CRISPR technology allows us to remove faulty DNA and replace it with corrected DNA. Simply put, we could remove all cells and replace them with new ones, which means you can regenerate (and then not die). Is that what we want? I’m not sure I want to live for a hundred and fifty years… I was invited to speak at the End of Ageing conference at the London Science Museum alongside Steve Coogan, Daisy Robinton – a philosopher – and smart doctor Dr Jack. Will we ever end ageing? There is a lot of effort going into this conversation and to technology. It’s both scary and exciting.
What do you think is the limit to all of this? When do we know we’re pushing too hard, for example, our age or our health?
That’s a great question. I think it’s an ethical question that requires the points of view of as many diverse thinkers and beings there are; whether it’s the butcher down the road, or the farmer in the very, very far depths of the Nordic countryside. That’s why I think it is so important for art to reach the fringes, making science familiar, whether it’s with a film, an art piece, design, or an app. Being able to communicate science and have people understand it will hopefully ensure that we don’t go too far, by everyone having their say.
By talking to you, it is clear that science can be applied to every field possible.

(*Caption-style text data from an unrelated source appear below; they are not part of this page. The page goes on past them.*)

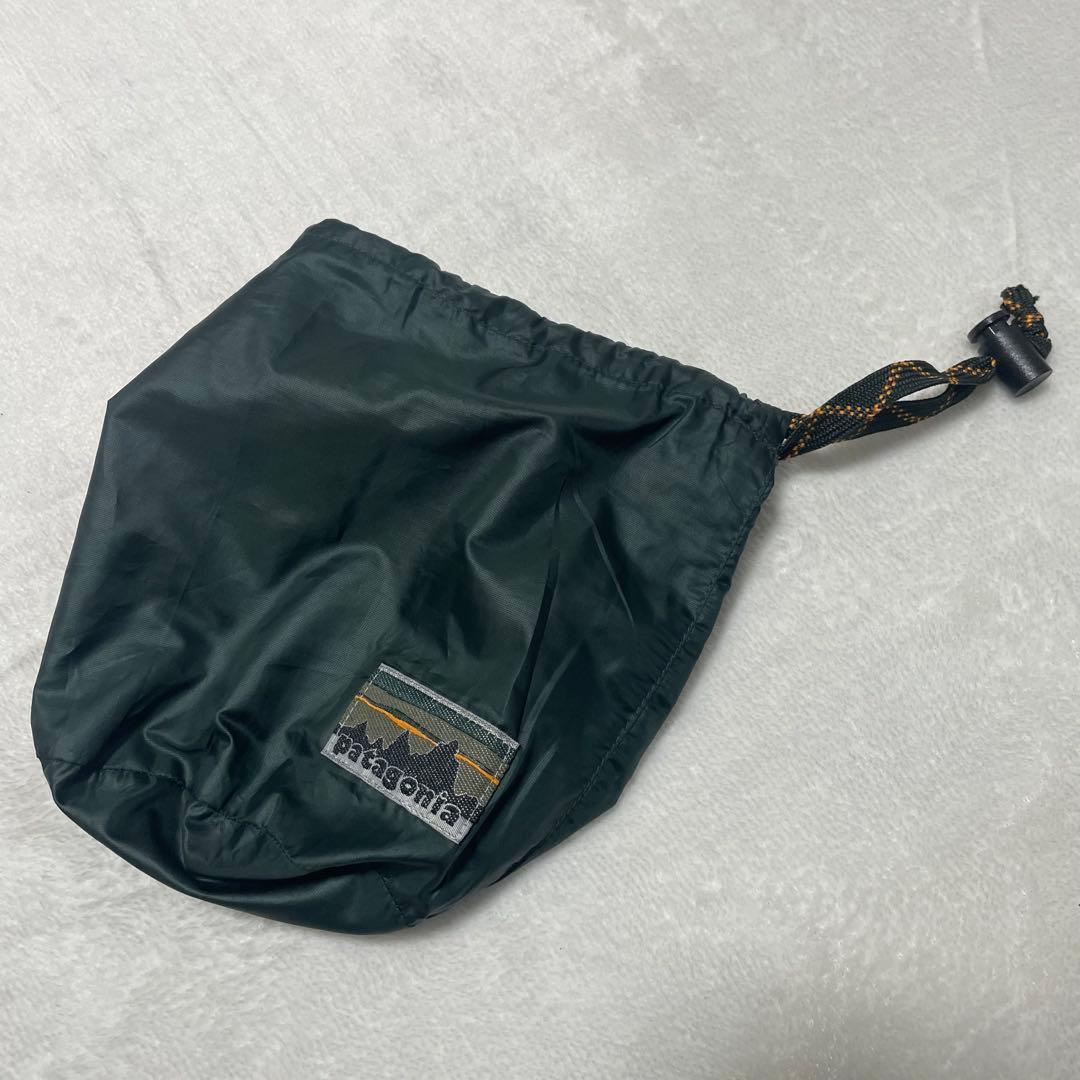 パンツ Patagonia Recycled Down Pants men's S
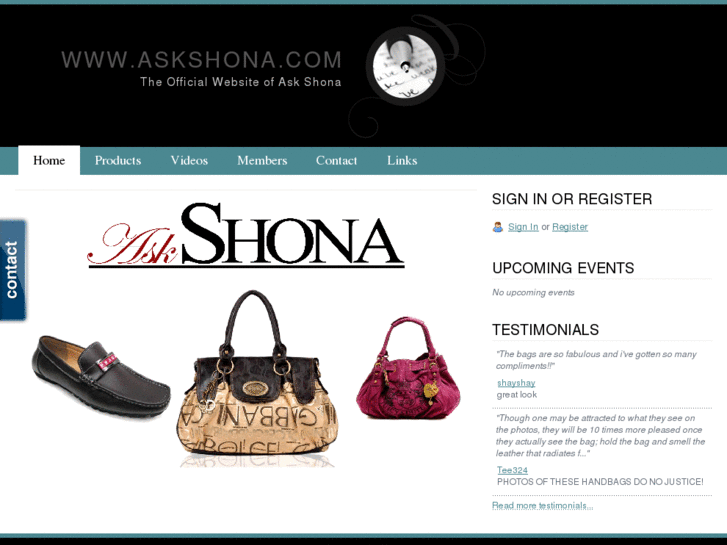 www.askshona.com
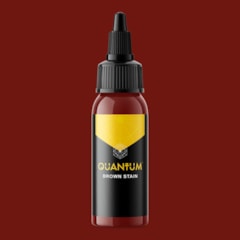 Brown Stain 30ml - Gold Label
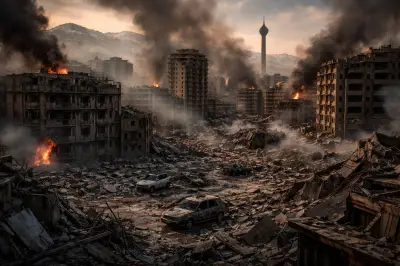 وزير الصحة السعودي يعلن عن إطلاق برنامج وطني للكشف المبكر عن الأمراض المزمنة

I was in a conversation with two scientists that set up a genetic engineering lab that’s open to the public. We were talking about when is it enough, the ethics of it. The scientists said working with designers help communicate what they were trying to do in a deeper way that he could have ever imagined. I was in Boston in May talking at a conference with MIT and Harvard; a comment from the mostly science­y audience was: “I understand what you’re saying that we, as scientists, have to learn how to communicate our ideas, but I’m really scared that what I’m trying to say doesn’t come through, that my idea or invention is communicated the wrong way”.
That’s when trust comes in. It’s like falling in love: you have no control over it. An astronaut described love as putting your hand out of the shuttle and not being able to see the end of your arm. That’s what scientists need to do: put their arm out in space and trust that the artist or the designer is going to communicate their ideas in a true way. If they breed the creative process in the scientific process, then the communication will be true to the idea.

“Being able to communicate science and have people understand it will hopefully ensure that we don’t go too far, by everyone having their say.”
Do you think some of your projects are inspired by dreams? Where does your inspiration come from?
Sometimes I write down dreams, but having a shower is when ideas percolate unexpectedly.
Do you think you’ve found answers to open questions? For example, what is it to be human?
I don’t think I’ve answered any questions, I think I’ve asked even more. Someone said that it’s really important to ask the right questions. You can ask, but if they’re not the right ones they don’t really have any impact. I would say that, possibly, what makes us human today could be very different next week. I think it’s about being able to mutate, to have a malleable answer to these questions, and being able to adapt. Things are changing so quickly.
I really like a quote from Danny Hillis, an inventor, in Herzog’s film Lo and Behold: “We are going to have a revolution in the definition of what it means to be human”. It means that we are really seriously changing. This gets me very excited because from there you can start asking what it means. I guess the hope is that you pass ideas onto younger generations who bring their unique experiences and thoughts too. My experience of the world will be different from theirs, to yours, to the generations ahead. These questions are going to keep changing.